Give back the whole listing exactly as written, leaving out each picture.

▶ _Data section_:
────
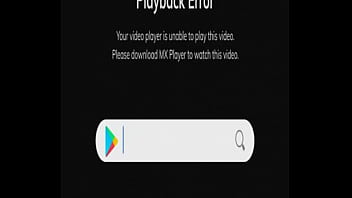 Callboy service available dm whatsapp8072184230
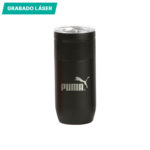 VASO PERGOLE ROJO TE-240R ( TE-240 - TE240 - VASOS ) - Imagen 4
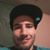 Ryan Redline's profile image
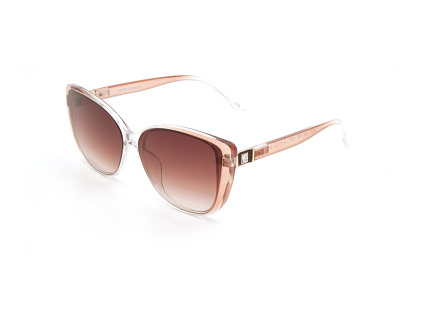 138257 PRODUCT b1ba5fbf05649ab0664a5c4ca0fc630e5fe6baae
────
▶ _Written answer_:
 Callboy service available dm whatsapp8072184230
 VASO PERGOLE ROJO TE-240R ( TE-240 - TE240 - VASOS ) - Imagen 4
 Ryan Redline's profile image
 138257 PRODUCT b1ba5fbf05649ab0664a5c4ca0fc630e5fe6baae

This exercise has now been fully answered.